I'm writing double hash table which only takes integer.
unsigned int DoubleHashTable::HashFunction1(unsigned int const data)
{
return (data % GetTableSize());
}
unsigned int DoubleHashTable::HashFunction2(unsigned int const data, unsigned int count)
{
return ((HashFunction1(data) + count * (5 - (data % 5)) % GetTableSize()));
}
and trying to insert data into table with SetData()

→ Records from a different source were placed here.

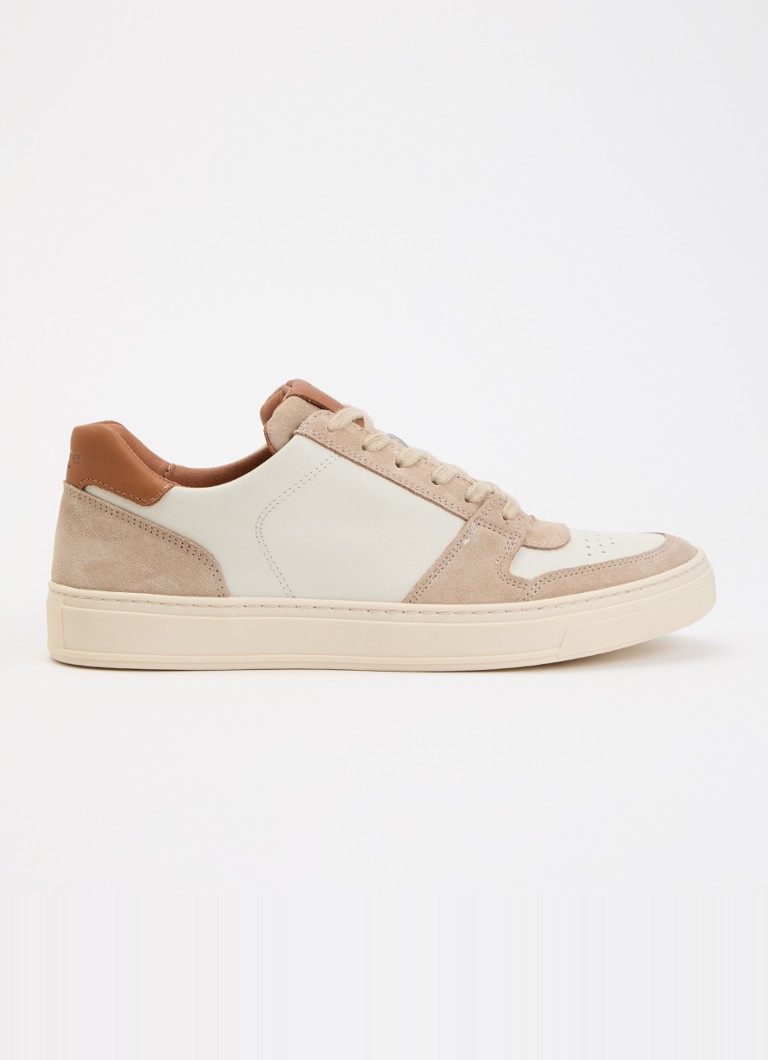 Dune London Heren Tawly sneaker van leer met details van suède in de kleur Beige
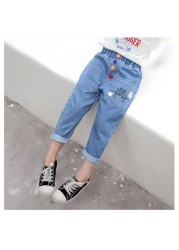 Kids Long Denim Pants Baby Jeans For Girls Spring Autumn Cartoon Jeans Baby Girl Casual Style Toddler Children Trousers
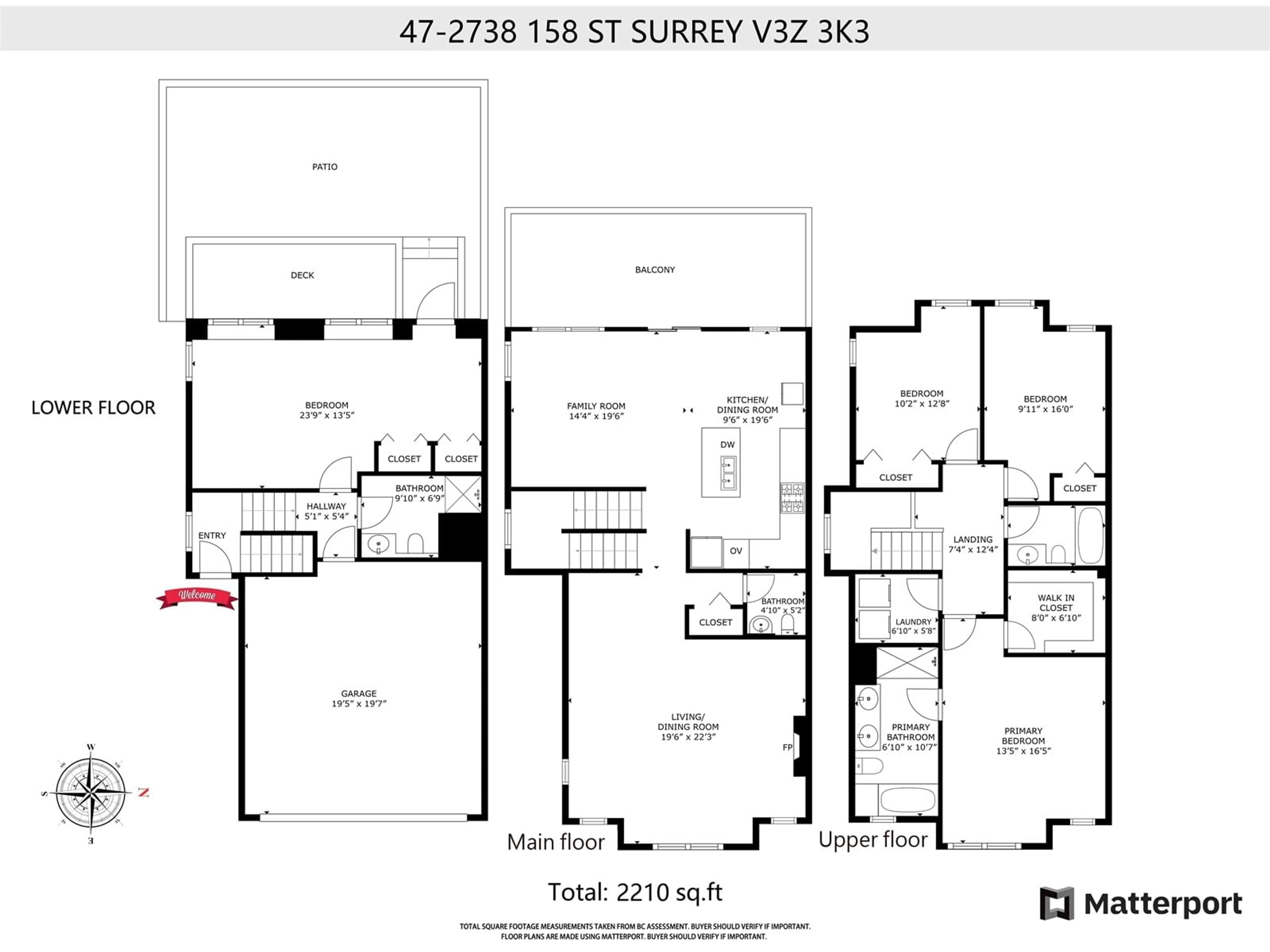 Floor plan for 47 2738 158 STREET, Surrey British Columbia V3Z3K3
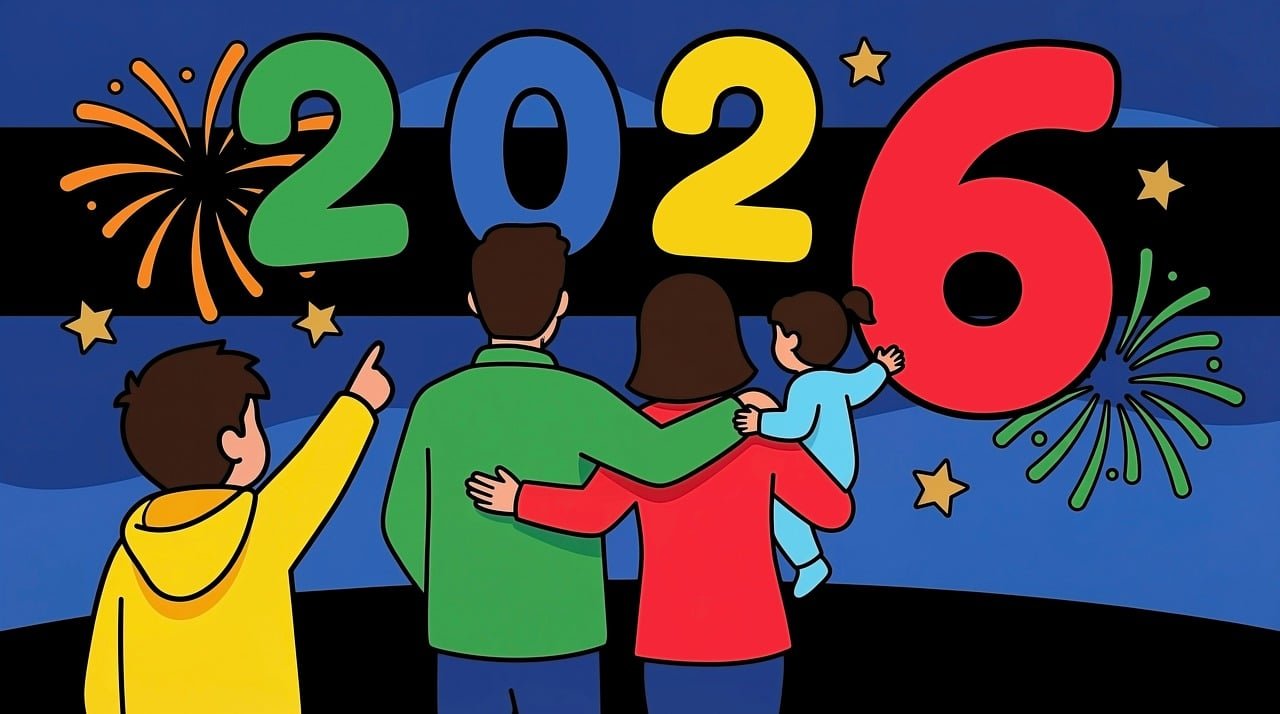 new year, 2026, family, celebration, fireworks, silhouettes, parents, children, togetherness, night sky, colorful, cartoon, future, eve, joy, watching, stars, beginning, festive, ai generated-10037268.jpg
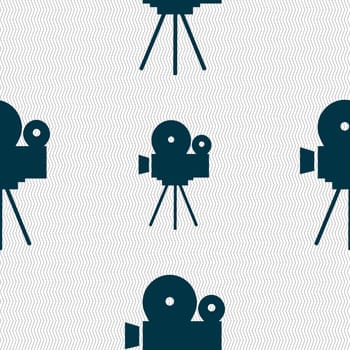 Video camera sign icon.content button. Seamless abstract background with geometric shapes. illustration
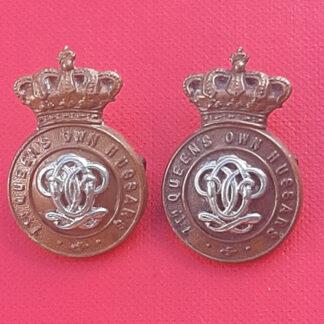 7th Queen's Own Hussars - Bi Metal Collar Badges.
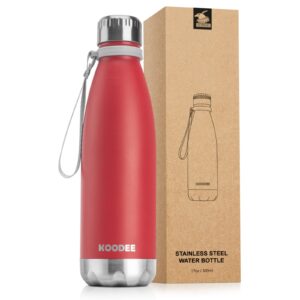 koodee 17 oz stainless steel water bottle-double wall vacuum insulated sports water bottle for girls，cola shape leak proof sports flask (canyon red)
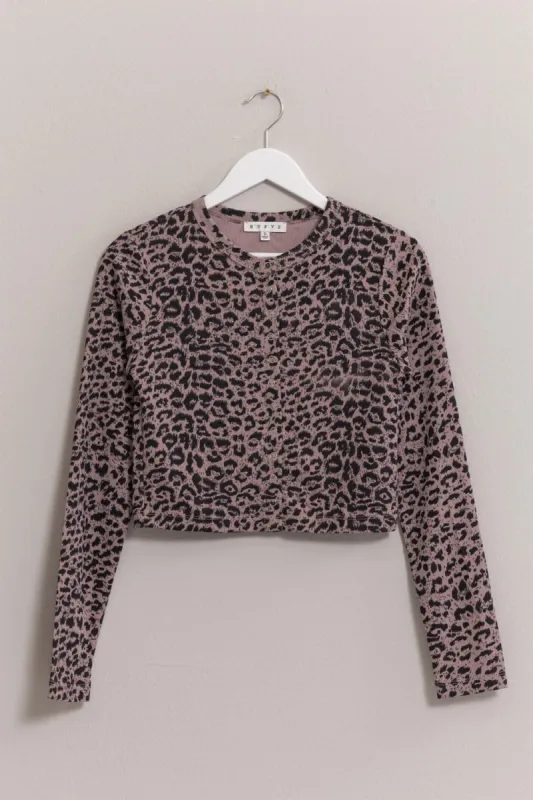 HYFVE Animal Print Snap Down Crop Cardigan sold by Charming Charlie
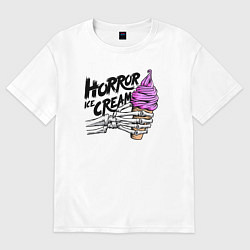 Футболка оверсайз мужская Horror ice cream, цвет: белый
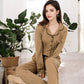 Anna-Kaci Women's Long Sleeve Button-Up Pajama Set with Piped Trim Details and Relaxed Fit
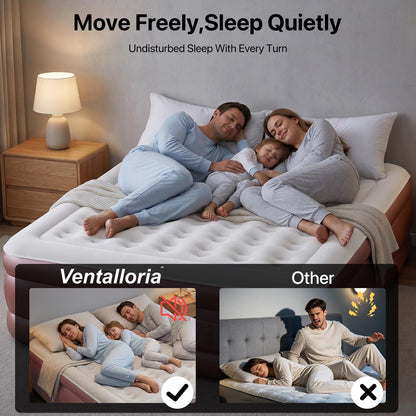 Ventalloria Luxury Air Mattress with Built in Pump Extra-Wide Queen Size Blow Up Mattress, 900 lbs Support Airbed Inflatable Mattress 17" Raised Air Bed, Inflatable Bed for Guest, Home & Camping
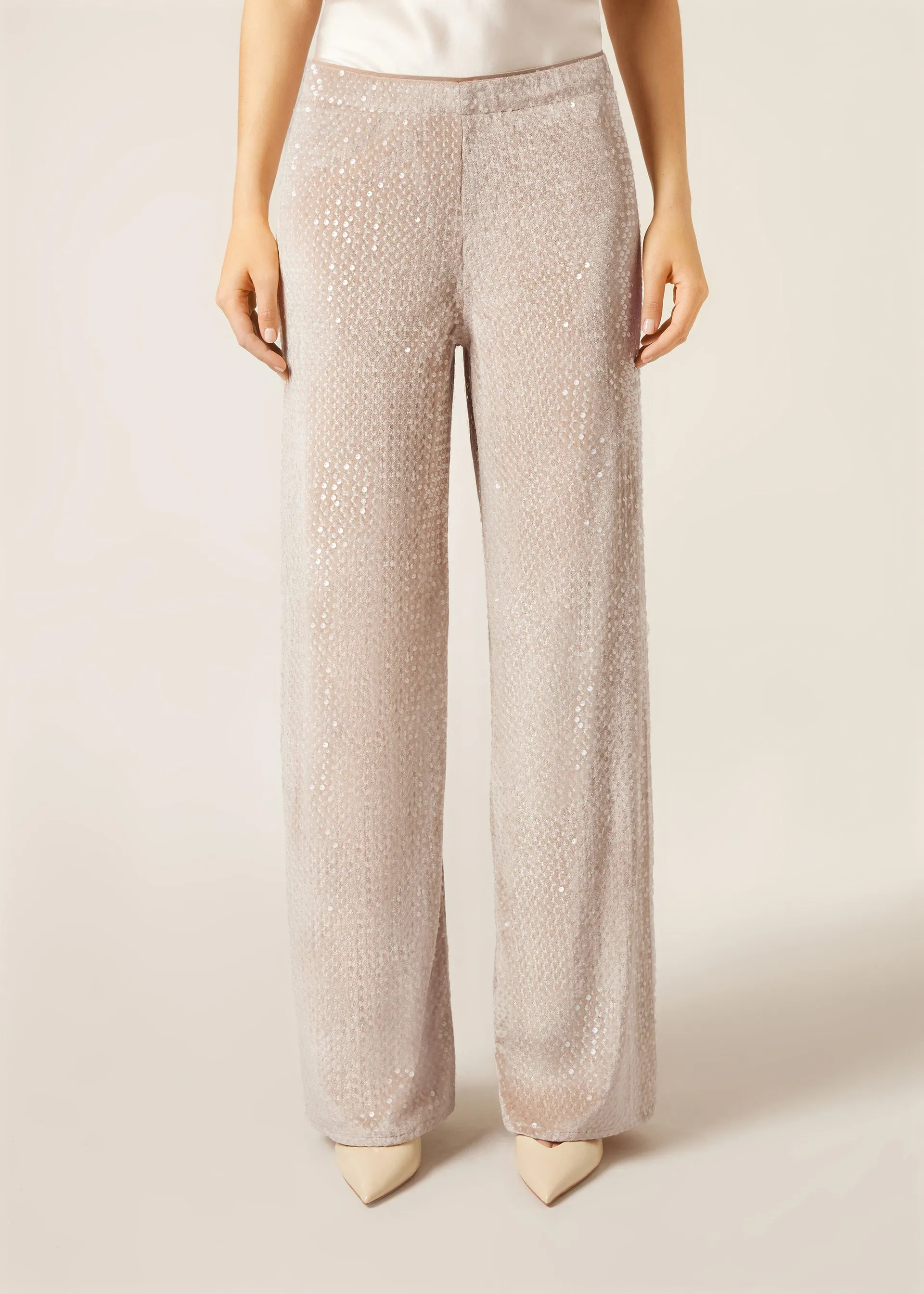 Široké sametové kalhoty s flitry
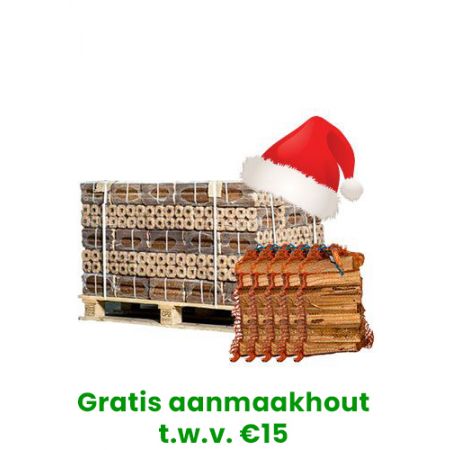 Halve pallet houtbriketten naar keuze + 3 zakken aanmaakhout gratis main product photo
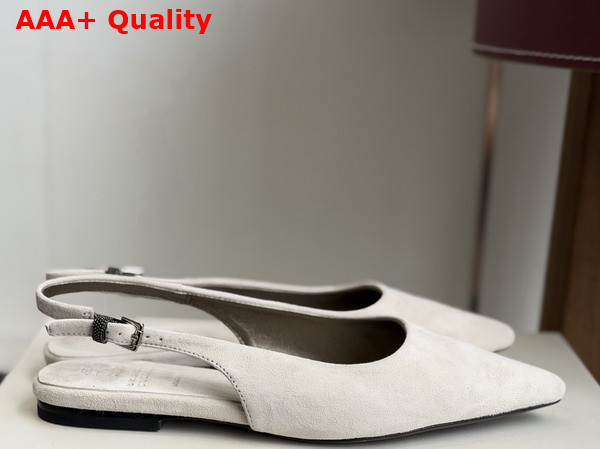Brunello Cucinelli Suede Slingback Flats with Shiny Detail in Grey Replica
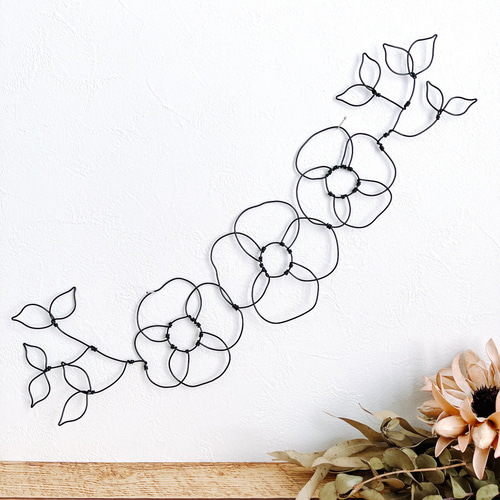 草花の壁飾り ワイヤーアート ワイヤークラフト タペストリー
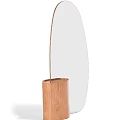 Oval Shaped Decorative Mirror with Natural Wooden Base and Light Blue Gray Background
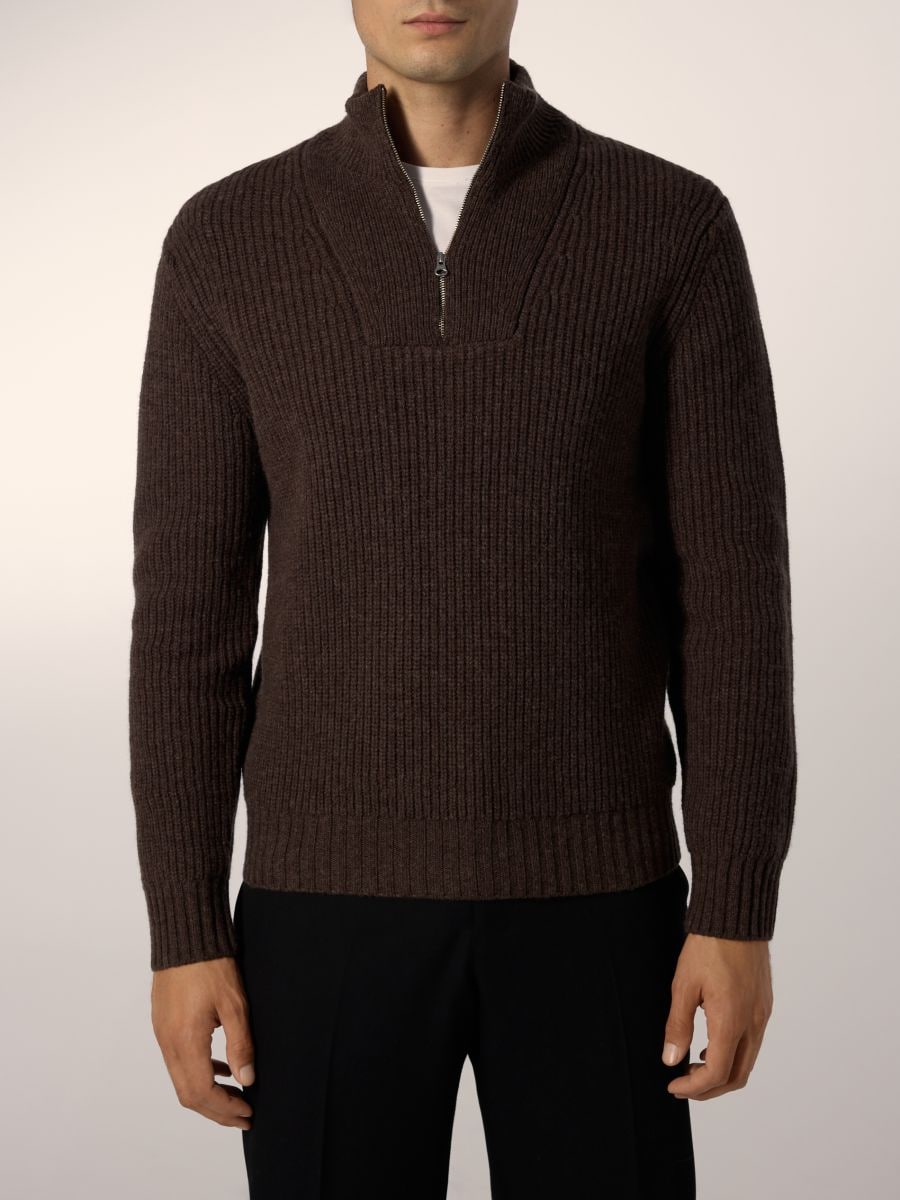 Sweter z wełną - brązowy - RESERVED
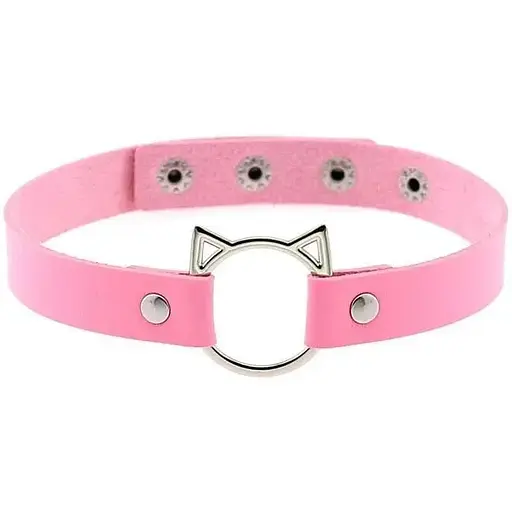 Нашийник з образом кішечки рожевий K0375-3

void DoubleHashTable::SetData(unsigned int const data)
{
unsigned int probe = HashFunction1(data);
if (m_table[probe].GetStatus())
{
unsigned int count = 1;
while (m_table[probe].GetStatus() && count <= GetTableSize())
{
probe = HashFunction2(data, count);
count++;
}
}
m_table[probe].Insert(data);
}
After put 100 of integer items into table with size of 100, table shows me some of indexes are left as blank. I know, it will takes O(N) which is worst case. My question is, item should be inserted into table with no empty space even it takes worst case of search time, right? I can't find the problem of my functions.
Additional question. There are well-known algorithms for hash and purpose of double hashing is makes less collision as much as possible, H2(T) is backup for H1(T). But, if well-known hashing algorithm (like MD5, SHA and other, I'm not talking about security, just well-known algorithm) is faster and well-distribute, why we need a double hashing?
Thanks!
When testing hash functions, there may be high collisions with certain pathological inputs (=those which break your hash function). These inputs can be discovered by reversing the hash function which can lead to certain attacks (this is a real concern as internet routers have limited space for hash tables). Even with no adversary, the look up time of such a hash table after certain inputs can grow and even become linear in the worst case.
Double hashing is a method of resolving hash collisions to try to solve the problem of linear growth on pathological inputs. Linear probing or open addressing are popular choices. However, the number of inputs must be much lower than the table size in these cases, unless your hash table can grow dynamically.
To answer your second question (now that you have fixed your code on your own), in a nutshell, double hashing is better-suited for small hash tables, and single hashing is better-suited for large hash tables.